Moins réputée que la Pologne ou l'Ukraine par exemple, pays possédant certes le terreau tant historique que géographique propice à l'émergeance d'une scène extrême, la Hongrie n'en a pas moins vu émerger de son sol quelques groupuscules au talent inversement proportionnel à leur renommée. The Moon And The Nightspirit, Thy Catafalque ou le défunt Without Face (berceau de la chanteuse Julie de To-Mera, ne l'oublions pas !) comptent ainsi parmi les rares noms qui nous sont parvenus depuis une quinzaine d'années de ce vaste espace à la position médiane en Europe.
Pouvant désormais être considéré comme un véritable vétéran de l'art noir, Sear Bliss reste probablement celui que nous connaissons le mieux. Après des débuts qui les raccrochaient à la branche True Black, les Hongrois ont rapidement imposé une identité qui, bien que s'exprimant d'une manière différente de celle des Roumains de Negura Bunget, s'est elle aussi fondée sur le paganisme et l'emploi d'instruments à vents, tout en se parant (malheureusement) d'atours symphoniques. Malgré le succès rencontré par des albums Grand Destiny ou Forsaken Symphony, ces dernieres années ont vu Sear Bliss se faire plus discret, n'offrant même quasiment plus aucun signe de vie depuis The Arcane Odyssey en 2007. Ainsi, une retraite somme toute plutôt bien méritée semblait tranquillement s'annoncer pour lui.
Fort d'un tout nouveau deal avec Candlelight, association qui devrait lui conférer une exposition dont il a toujours manqué, la faute à Red Stream, structure certes culte mais à la promo souvent quasi inexistante, le collectif débarque pourtant après cinq ans de silence discographique sur nos platine avec un septième opus.
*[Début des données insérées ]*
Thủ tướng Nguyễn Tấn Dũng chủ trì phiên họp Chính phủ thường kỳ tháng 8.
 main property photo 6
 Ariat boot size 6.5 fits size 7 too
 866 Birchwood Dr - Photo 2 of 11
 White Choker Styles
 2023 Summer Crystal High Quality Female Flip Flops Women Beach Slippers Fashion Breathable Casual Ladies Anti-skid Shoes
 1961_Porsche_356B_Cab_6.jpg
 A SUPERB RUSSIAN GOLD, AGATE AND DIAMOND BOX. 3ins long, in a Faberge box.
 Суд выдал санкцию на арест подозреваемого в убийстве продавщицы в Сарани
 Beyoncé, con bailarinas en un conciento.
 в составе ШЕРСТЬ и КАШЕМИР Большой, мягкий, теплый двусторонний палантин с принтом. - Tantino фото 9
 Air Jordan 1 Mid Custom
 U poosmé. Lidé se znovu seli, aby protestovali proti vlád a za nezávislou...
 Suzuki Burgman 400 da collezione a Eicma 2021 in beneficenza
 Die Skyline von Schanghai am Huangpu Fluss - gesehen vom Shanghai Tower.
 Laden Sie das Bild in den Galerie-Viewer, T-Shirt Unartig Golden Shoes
De fait, certains le découvriront peut-être même avec celui-ci, ce qui est à la fois une bonne et une mauvaise chose.
Mauvaise car Eternal Recurrence, en dépit de qualités sur lesquelles nous nous attarderons plus loin, peine à masquer les influences actuelles de ses auteurs, les oreilles plus que jamais braquées vers la Norvège et deux de ses enfants les plus novateurs, Enslaved tout d'abord, dont les nappes de claviers drapant "The Eternal Quest" ne manqueront d'évoquer les dernières efforts et Arcturus ensuite, pour les lignes de chant clair baroque et profonde balisant l'écoutes de titres tels que "A Lost Cause" ou "Ballad Of The Shipwrecked". Arme à double tranchant, ce tribut aux ainés du Grand Nord pourra aussi bien décevoir que drainer vers Sear Bliss un public qui ne le connaîtrait pas.
Bonne car cette nouvelle offrande devrait s'imposer comme une des meilleures jamais écrites par les Hongrois dont on aime toujours autant le recours à un instrument à priori aussi saugrenu car très peu utilisé dans le genre, que la trompette (?) que l'obscure puissance tribale qui les guident, témoin l'inquiétant morceau d'ouverture qui en réunissant ces deux caractères, vibre d'une beauté noire, mystérieuse et séculaire. Complexes et tortueuses ("The New Era Of Darkness"), épousant le plus souvent les traits de modelés lents quand ils ne sont pas mortuaires ("There's No Shadow Without Light") ou bizarres ("Entering The Seventh Gate" et ses voix étranges), ces compositions sécrètent une forme de poésie et une dimension cosmique déjà à l'oeuvre sur le disque précédent et que poursuit Eternal Recurrence dont seul l'aspect un peu inachevé, corrolaire d'une durée trop courte, et ce malgré une écriture précise et intelligente, viendra tempérer l'enthousiasme que succite le retour de ce groupe au charme certain.